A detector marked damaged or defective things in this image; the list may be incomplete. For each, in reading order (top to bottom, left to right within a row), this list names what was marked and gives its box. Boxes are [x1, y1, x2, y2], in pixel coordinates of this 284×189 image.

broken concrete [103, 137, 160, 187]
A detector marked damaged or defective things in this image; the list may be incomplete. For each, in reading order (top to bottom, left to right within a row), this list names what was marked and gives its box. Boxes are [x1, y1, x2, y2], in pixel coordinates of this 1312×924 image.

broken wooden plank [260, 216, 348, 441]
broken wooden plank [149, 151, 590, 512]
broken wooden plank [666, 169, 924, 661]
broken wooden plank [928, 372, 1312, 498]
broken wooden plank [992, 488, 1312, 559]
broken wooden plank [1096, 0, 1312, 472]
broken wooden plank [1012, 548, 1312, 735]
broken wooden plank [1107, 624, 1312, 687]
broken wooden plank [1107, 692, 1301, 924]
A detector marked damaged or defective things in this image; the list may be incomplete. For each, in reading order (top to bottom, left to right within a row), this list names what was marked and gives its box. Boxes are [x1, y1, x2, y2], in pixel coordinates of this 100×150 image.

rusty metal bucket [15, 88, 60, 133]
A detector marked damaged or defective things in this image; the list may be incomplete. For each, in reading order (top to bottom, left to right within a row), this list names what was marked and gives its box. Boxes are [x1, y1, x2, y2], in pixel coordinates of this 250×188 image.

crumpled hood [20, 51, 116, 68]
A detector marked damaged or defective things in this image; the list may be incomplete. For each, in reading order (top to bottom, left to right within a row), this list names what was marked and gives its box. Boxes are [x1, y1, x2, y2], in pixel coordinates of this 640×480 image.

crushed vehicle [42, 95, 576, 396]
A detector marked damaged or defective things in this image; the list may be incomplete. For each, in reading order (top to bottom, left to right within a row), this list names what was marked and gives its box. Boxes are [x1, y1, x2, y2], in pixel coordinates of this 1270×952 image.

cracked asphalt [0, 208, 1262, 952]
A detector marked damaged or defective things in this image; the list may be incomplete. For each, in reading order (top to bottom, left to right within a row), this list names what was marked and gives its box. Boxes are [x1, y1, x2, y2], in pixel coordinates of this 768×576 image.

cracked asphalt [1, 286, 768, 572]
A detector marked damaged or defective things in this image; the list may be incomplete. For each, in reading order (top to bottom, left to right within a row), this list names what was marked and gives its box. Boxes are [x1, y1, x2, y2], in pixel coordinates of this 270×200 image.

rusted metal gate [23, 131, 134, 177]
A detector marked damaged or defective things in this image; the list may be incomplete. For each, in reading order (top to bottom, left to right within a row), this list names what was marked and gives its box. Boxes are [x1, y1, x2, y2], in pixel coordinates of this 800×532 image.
------------------------------
■ **Exercise objective**: The required output is each line from the one with "this 768×576 image." through the end of the material above, repeated exactly with both ends included.

■ **Exercise output**:
A detector marked damaged or defective things in this image; the list may be incomplete. For each, in reading order (top to bottom, left to right within a row), this list names what was marked and gives its box. Boxes are [x1, y1, x2, y2], in pixel coordinates of this 768×576 image.

cracked asphalt [1, 286, 768, 572]
A detector marked damaged or defective things in this image; the list may be incomplete. For each, in reading order (top to bottom, left to right within a row), this list names what was marked and gives its box. Boxes are [x1, y1, x2, y2], in pixel coordinates of this 270×200 image.

rusted metal gate [23, 131, 134, 177]
A detector marked damaged or defective things in this image; the list may be incomplete. For each, in reading order (top to bottom, left to right within a row), this list names what was marked and gives its box. Boxes are [x1, y1, x2, y2], in pixel coordinates of this 800×532 image.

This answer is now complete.